MATERIAL PROVIDED:
⟨

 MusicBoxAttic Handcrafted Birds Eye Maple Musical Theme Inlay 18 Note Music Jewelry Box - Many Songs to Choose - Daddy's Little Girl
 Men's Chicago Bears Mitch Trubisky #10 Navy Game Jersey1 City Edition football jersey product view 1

⟩
⟨

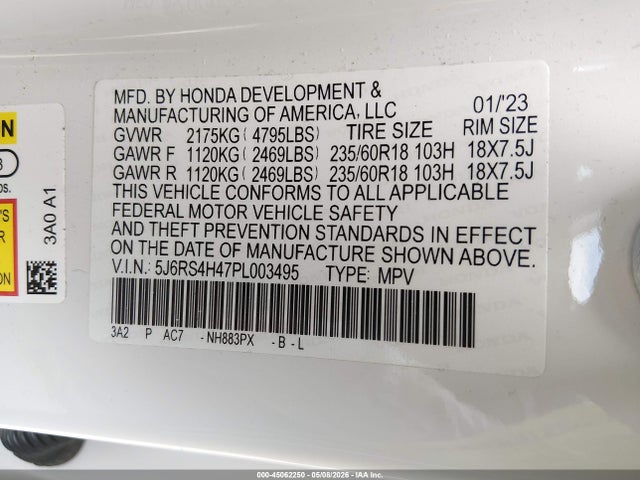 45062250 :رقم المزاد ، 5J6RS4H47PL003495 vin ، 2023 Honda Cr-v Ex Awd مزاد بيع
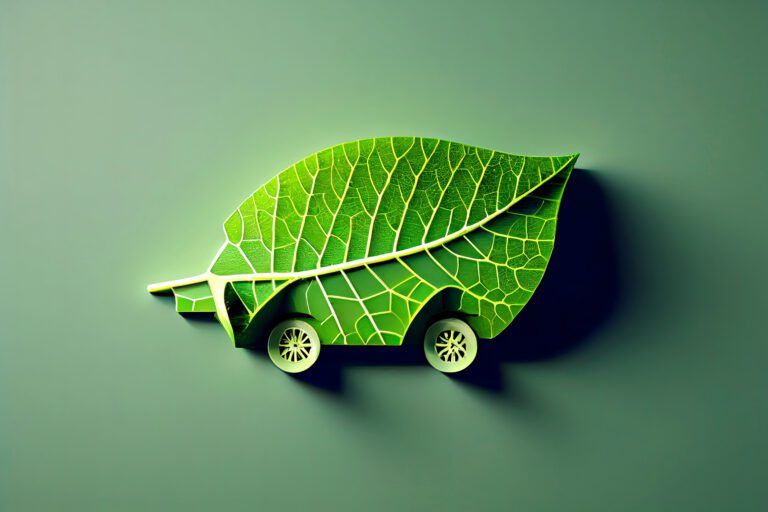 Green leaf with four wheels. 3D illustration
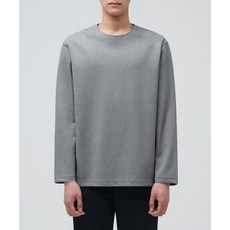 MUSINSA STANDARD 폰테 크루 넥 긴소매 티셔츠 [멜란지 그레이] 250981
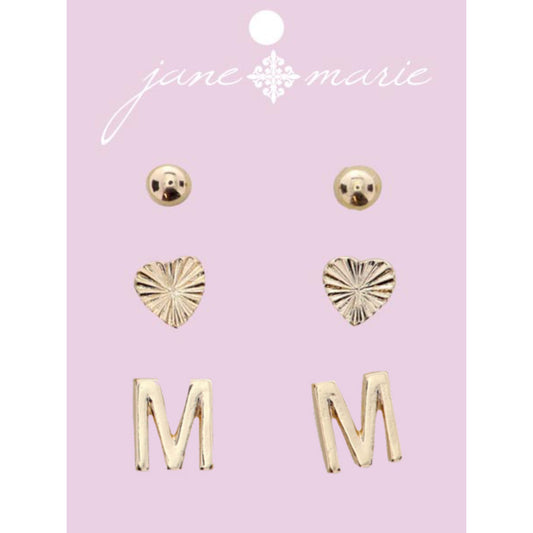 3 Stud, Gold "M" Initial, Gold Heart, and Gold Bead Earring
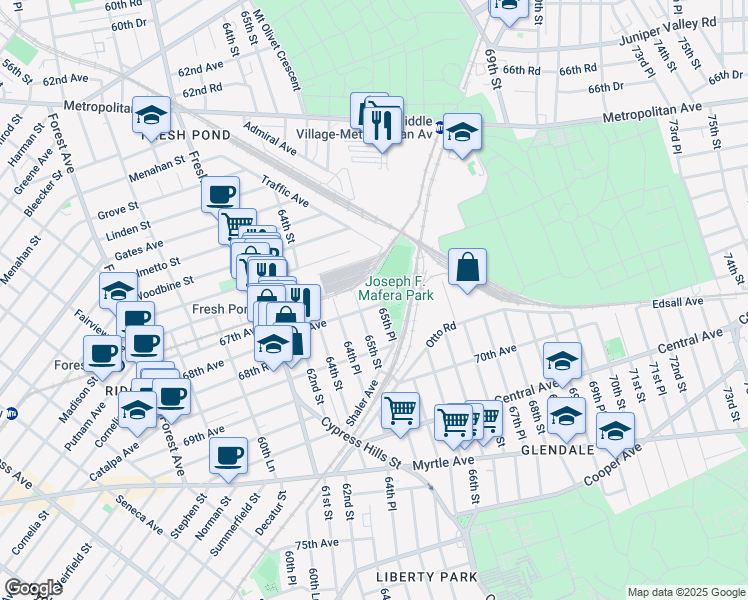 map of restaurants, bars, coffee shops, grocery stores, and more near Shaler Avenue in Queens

⟩
⟨

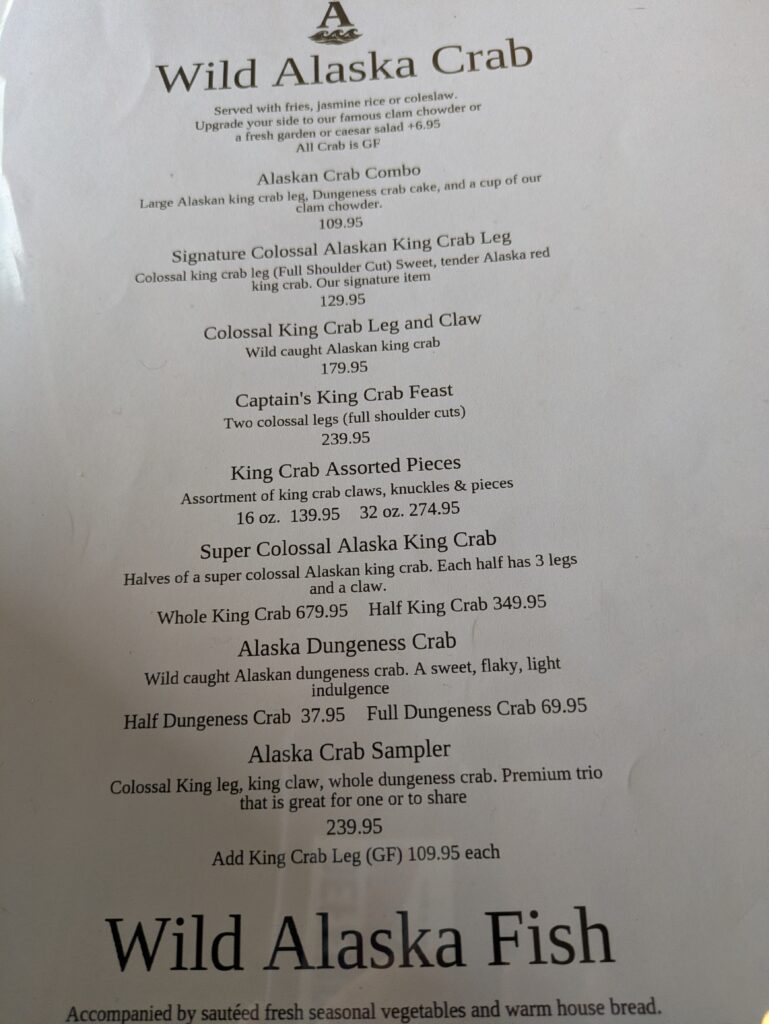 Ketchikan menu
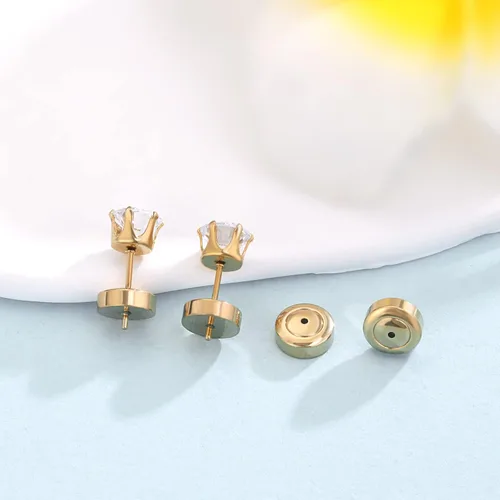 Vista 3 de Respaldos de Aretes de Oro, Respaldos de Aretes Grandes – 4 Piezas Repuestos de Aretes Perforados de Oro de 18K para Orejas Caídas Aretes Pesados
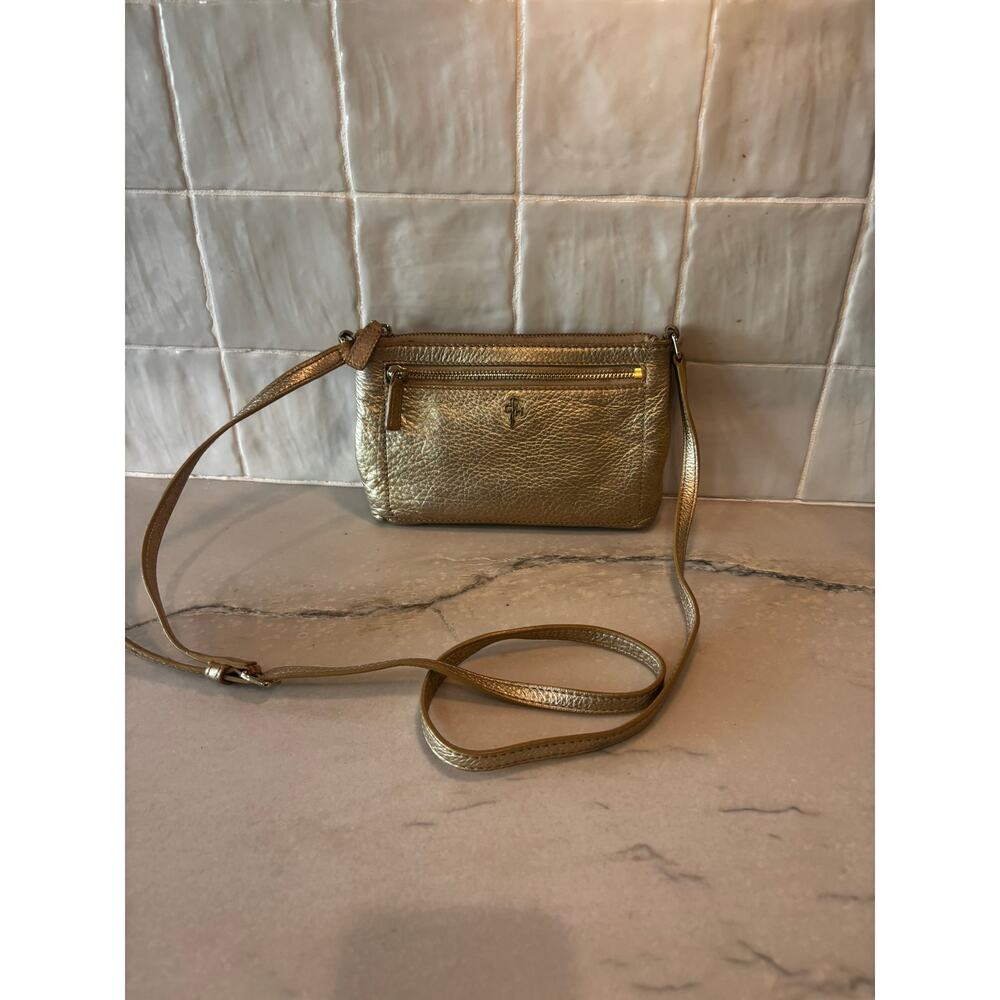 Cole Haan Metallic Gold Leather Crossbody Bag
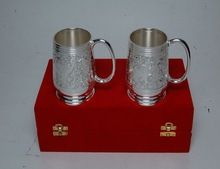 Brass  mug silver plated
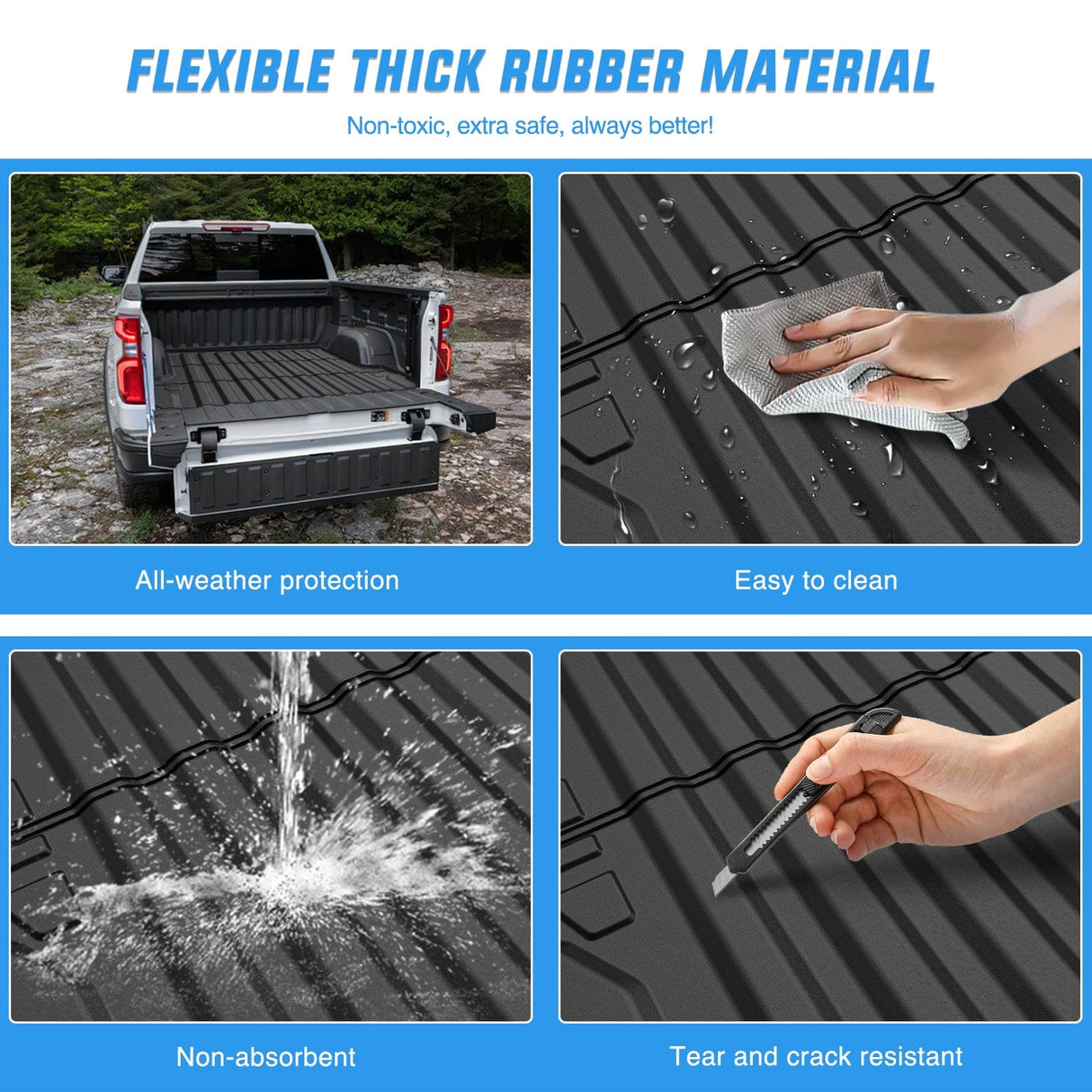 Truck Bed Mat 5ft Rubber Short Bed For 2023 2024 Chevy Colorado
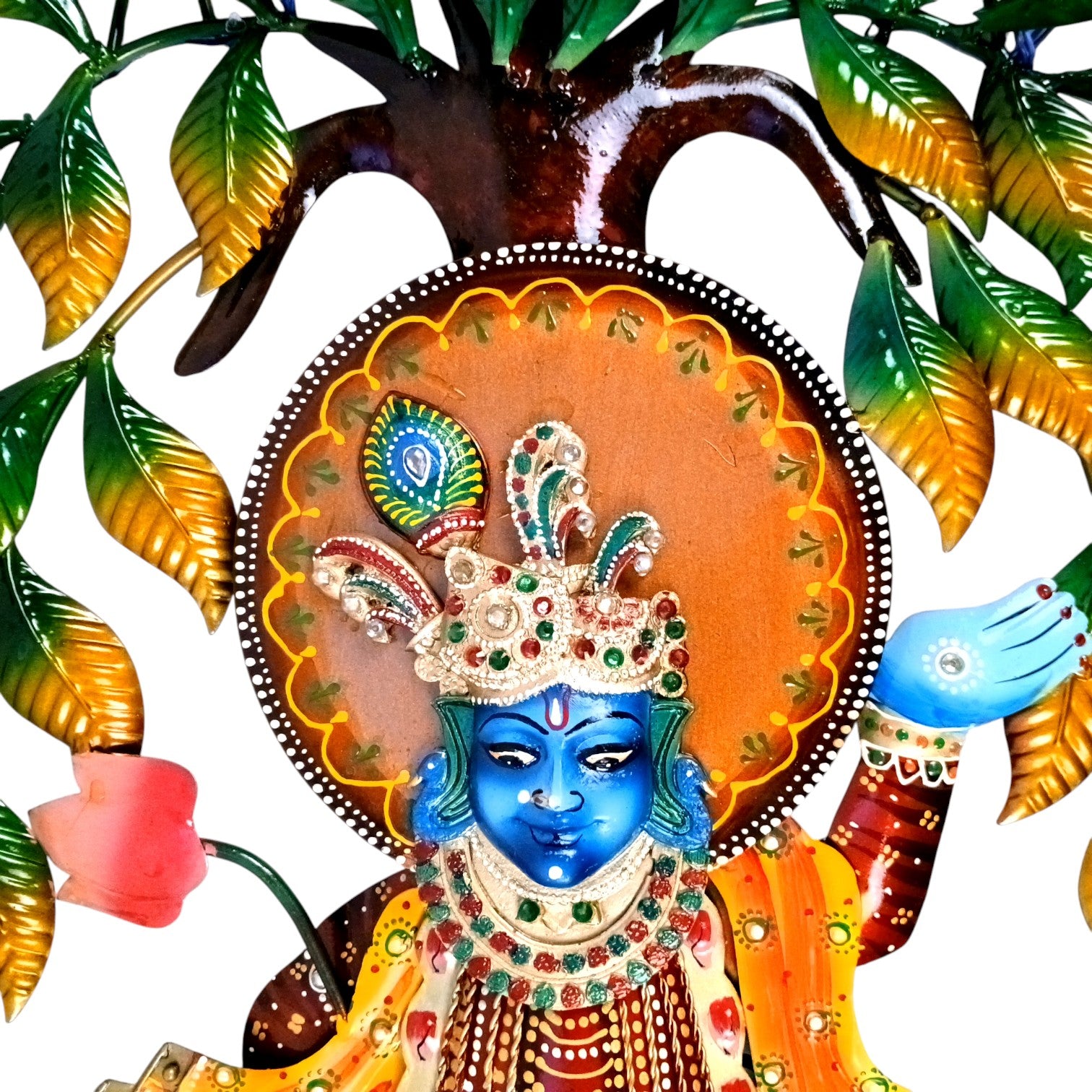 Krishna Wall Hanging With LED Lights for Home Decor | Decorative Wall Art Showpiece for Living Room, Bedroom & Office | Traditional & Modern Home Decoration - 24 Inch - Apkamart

⟩

WHAT THIS TASK INVOLVES: Word for word, restate the lines of the data above that fall between the line holding "MusicBoxAttic Handcrafted Birds" and the line holding "Men's Chicago Bears", inclusive, and no other lines.

TASK OUTPUT:
 MusicBoxAttic Handcrafted Birds Eye Maple Musical Theme Inlay 18 Note Music Jewelry Box - Many Songs to Choose - Daddy's Little Girl
 Men's Chicago Bears Mitch Trubisky #10 Navy Game Jersey1 City Edition football jersey product view 1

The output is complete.